You've just cloned and sequenced a gene, but you don't know what it does.

By | August 29, 2005


Bioinformatics Milestones

You've just cloned and sequenced a gene, but you don't know what it does. Now what do you do? In the absence of functional clues, it's hard to know where to start. One approach is to ask what other known sequences are similar to yours, thereby inferring function from homology.

Each weekday, some 200,000 or so researchers do just that, asking a server at the National Center for Biotechnology Information (NCBI) in Bethesda, Md., to compare their particular sequence against GenBank, a DNA database that, at the end of 2004, held more than 40 million sequences totaling 44.5 billion nucleotides. The NCBI devotes 158 two-processor computers to those queries, 75% of which return within 22 seconds.

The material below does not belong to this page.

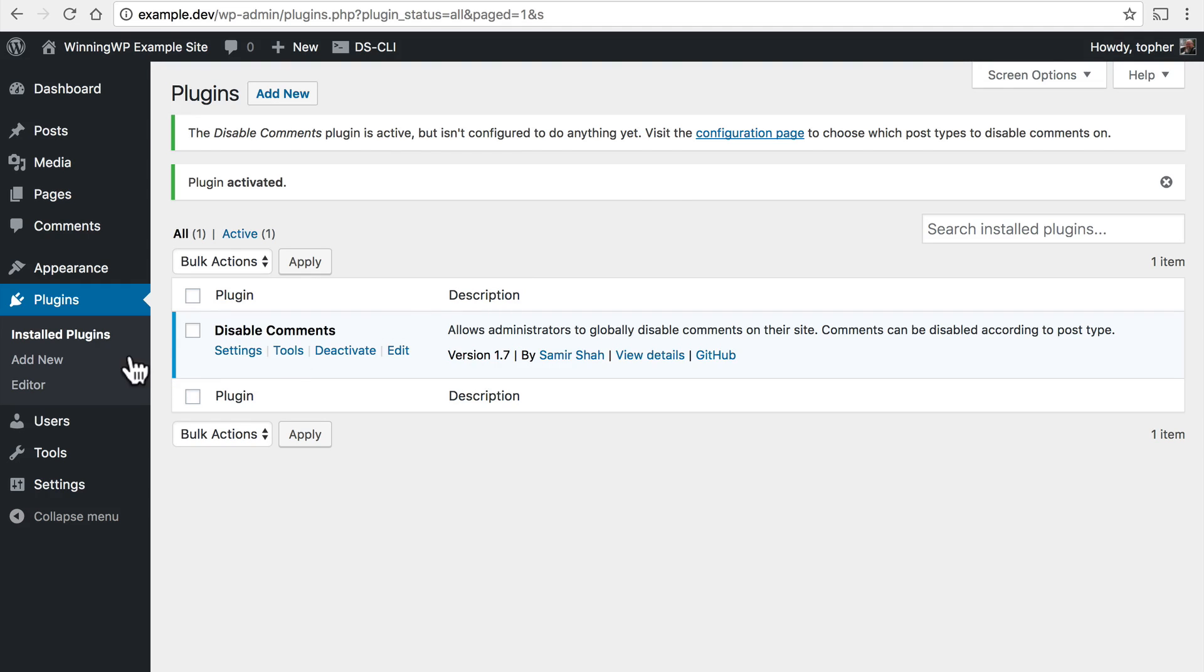We could go back to the left nav and click add new again or at the top of this page is another add new button. They both do the exact same thing.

The software these servers use, a sturdy 15-year-old program known as the Basic Local Alignment Search Tool, or BLAST, remains, for many, bioinformatics' "killer app." It wasn't the first DNA database search tool, but it was fast, and it provided metrics to assess the significance of the matches it found – all in 90,000 lines of C code.

"The fact that every biologist has been using BLAST tells everything," says Jin Billy Li of the Washington University Genome Sequencing Center in St. Louis, who has used BLASTP (a protein homology tool) to identify flagellar genes in several species, including the human gene that causes Bardet-Biedl syndrome, a ciliation disorder.

The program is so pervasive it has become both noun and verb (as in, "I BLASTed my sequence"). Says Alan Christoffels, director of the Computational Biology Group at the Temasek Life Sciences Laboratory of the National University of Singapore, "As one of our bioinformatics personnel put it, 'it's the Google search [engine] of various genomes.'"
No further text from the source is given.